*The records:*
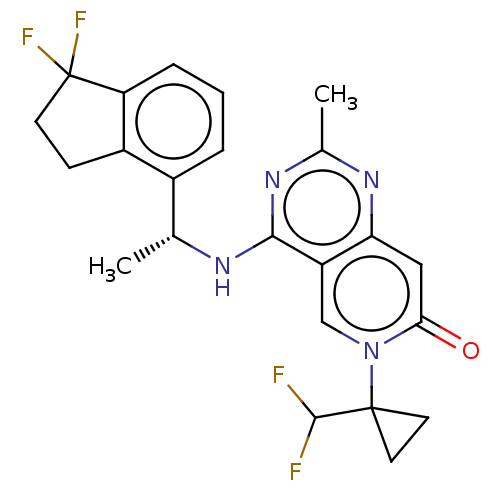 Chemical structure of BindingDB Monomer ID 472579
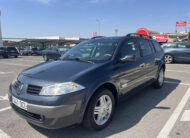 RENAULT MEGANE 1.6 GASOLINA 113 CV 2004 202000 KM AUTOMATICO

...

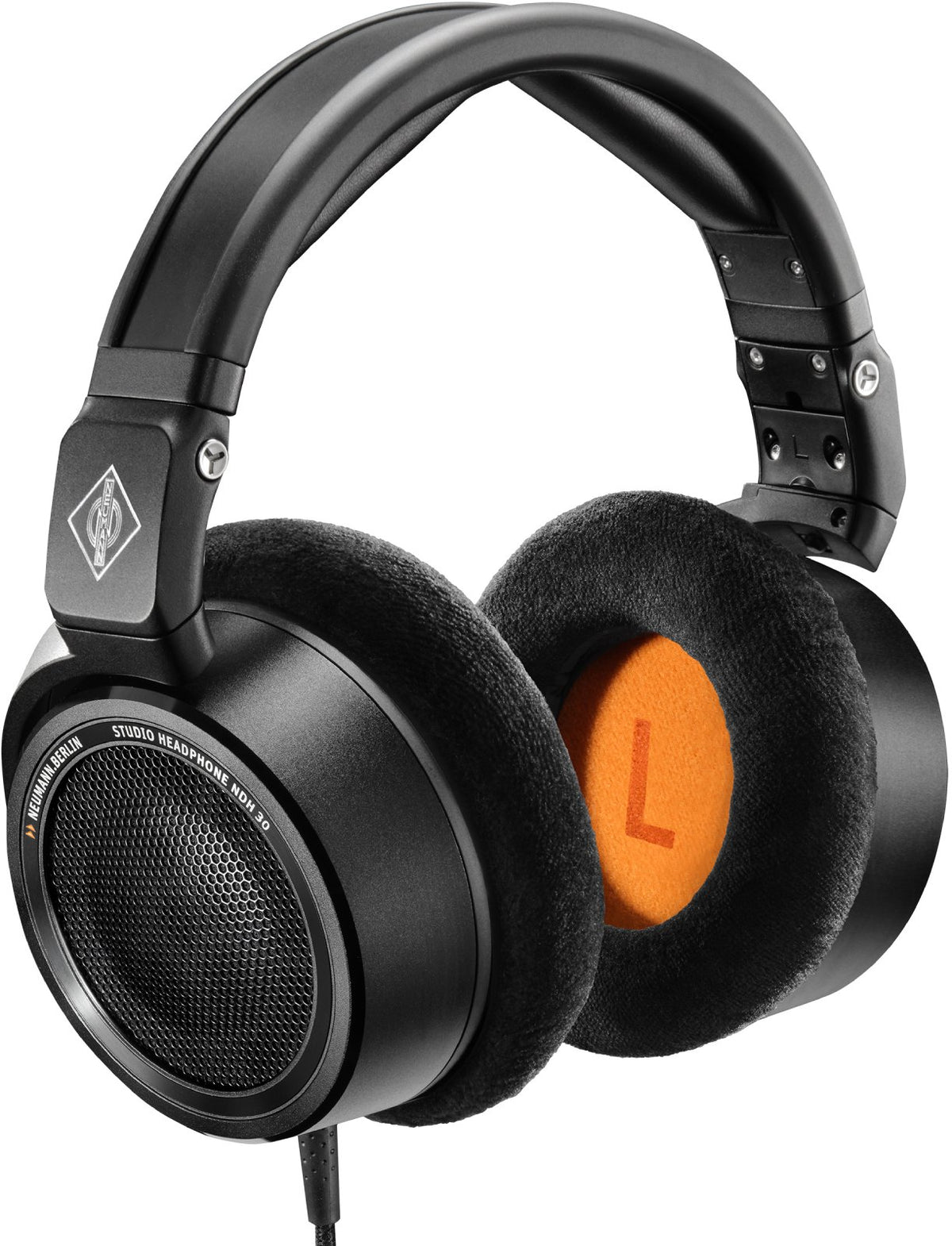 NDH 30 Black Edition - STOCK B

--

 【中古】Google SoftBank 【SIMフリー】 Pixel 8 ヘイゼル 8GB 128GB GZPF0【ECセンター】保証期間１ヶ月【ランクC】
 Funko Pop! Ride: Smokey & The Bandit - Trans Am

*Work instruction:*
Please return the material above only from the line that holds "Chemical structure of" through the line that holds "RENAULT MEGANE 1.6", exactly as it stands, ends included and pictures omitted.

*Result for this task:*
 Chemical structure of BindingDB Monomer ID 472579
 RENAULT MEGANE 1.6 GASOLINA 113 CV 2004 202000 KM AUTOMATICO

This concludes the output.